We were told that if we had multiple individual photos of the same zebra, from the same time and place, that we could put them together on the same line and make them part of the same encounter, and therefore occurence. Similarly, we understand that, if we upload a group picture, it breaks it down into a set of encounters, and then all the encounters detected within that image will automatically be associated to the same sighting or occurrence, and will each individually be assigned all the encounter metadata from that spreadsheet line, as well. The problem, as previously stated, is that our pictures don’t fit neatly into this, and we have many instances of having multiple images, often a combination of different zebras with some repeats, taken as part of the same occurrence. They go on different lines in the spreadsheet and so when uploaded to wildbook will register as a bunch of new and separate occurrences, if any occurence fields are filled out, despite having precisely matching date, time, location and other data. Note that, as per recommendation, we have been uploading our group and individual photos in separate spreadsheets, but we have been using the same spreadsheet template. Additionally, we have decided as a general rule to only have one media asset per line so as to minimize confusion and avoid the possibility of propagating human error into the system(e.g. someone puts two pictures that they think are the same zebra in a line, but it later turns out that they are not). The logic then is that, if two shots of the same, single zebra are in the occurrence, they’ll be matched and labelled as the same individual, even if they get their own encounter pages.
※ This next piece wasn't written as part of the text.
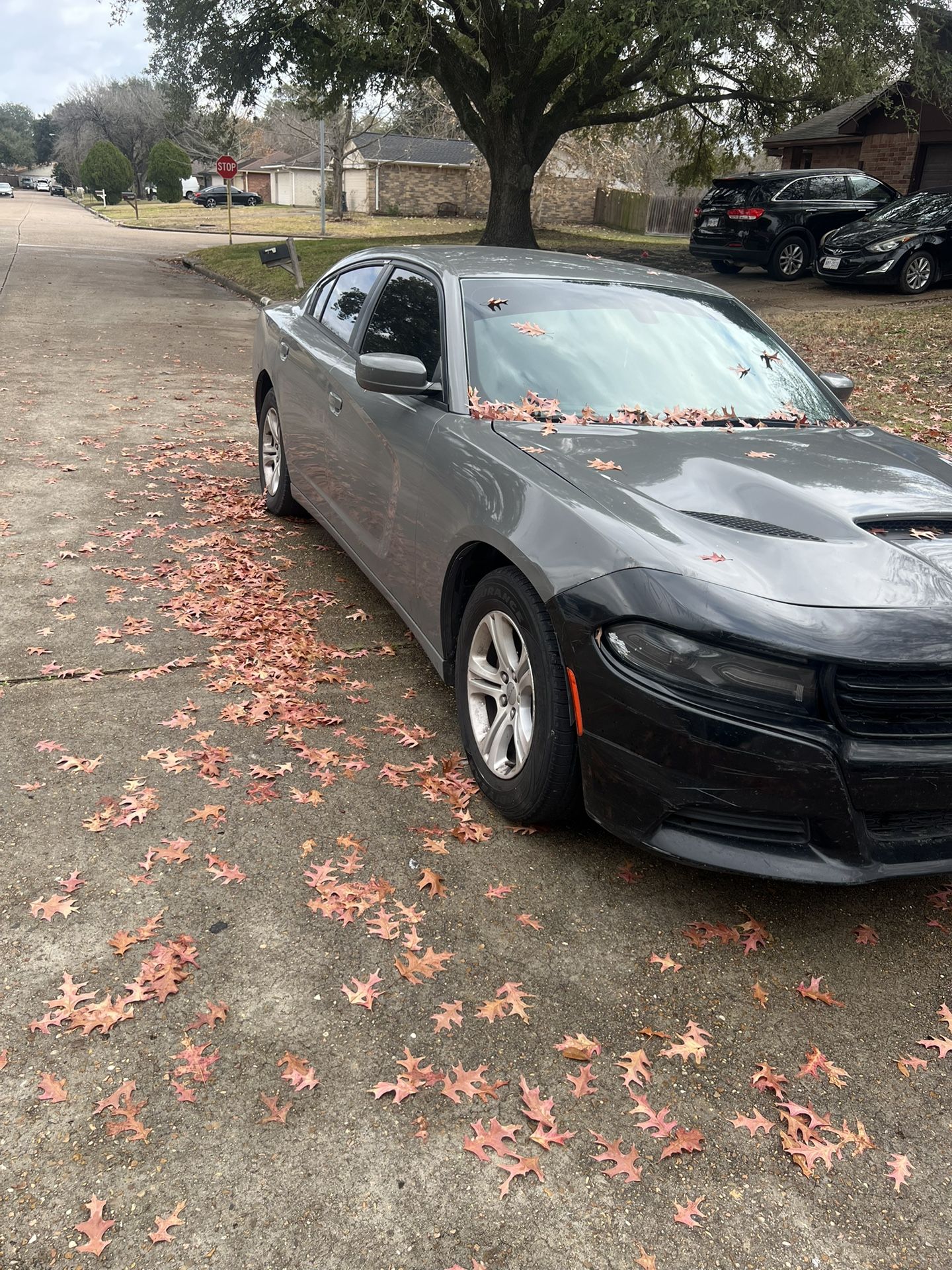Offer Up Houston Tx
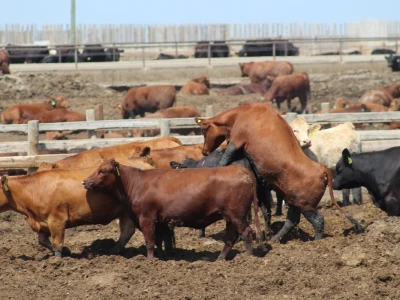 Canada Beef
I don’t see any problem with this, but if you do, please point it out.
In any case, the bottom line is that, ideally, we’d like to cluster pictures from the same time and place together to (1) better represent our data in the system and (2) so that other researchers can use wildbook’s cool social analysis features.
The only way I see of doing this is by preemptively assigning the images an occurence.occurenceID or encounter.occurenceID (not sure what the difference is between those two). However, I have some reservations about it. Mainly, I don’t know how to check if occurence IDs are unique/already exist, and I am also worried that introducing and enforcing yet another naming convention with multiple people uploading pictures may prove tricky. Is there a way to group pictures together and have the occurenceID be generate automatically? Or is pre-assigning them the best and/or only way to do this? If so, how do we make sure our occurenceIDs are compatible with the system? And do they need to be totally unique, or just unique to the species?
When using occurence fields, do we need to restate all the sighting data on every line adding an encounter to that occurence (e.g. Occurence.individualCount and put 4 in each row)? Or does it work to just leave it blank, entering only the information that applies to that picture and not reentering the metadata that describes the broader group? Which is the better thing to do?
If different information is entered into the same occurence field in different rows corresponding to the same sighting, what will happen? Will one of the entries be overridden?
Are there any super important system limitations I should know about?
Lastly, is there a way to collapse multiple encounters into one sighting, or reassign an encounter to a different sighting once it is already in the system (encounters in this case would presumably either not be part of any sighting or each have their own occurenceID)?
When I upload, some of the Encounter.submitter fields aren’t going through. Not sure what is up with that, but I would like to know, of those fields, which do you think are a good idea to use and which do you think are mostly unimportant? Encounter.submitterID has been going through but we’ve had some issues with fullName/projectName/emailAddress, which I did put in, even though I think they might be a little redundant with submitter ID.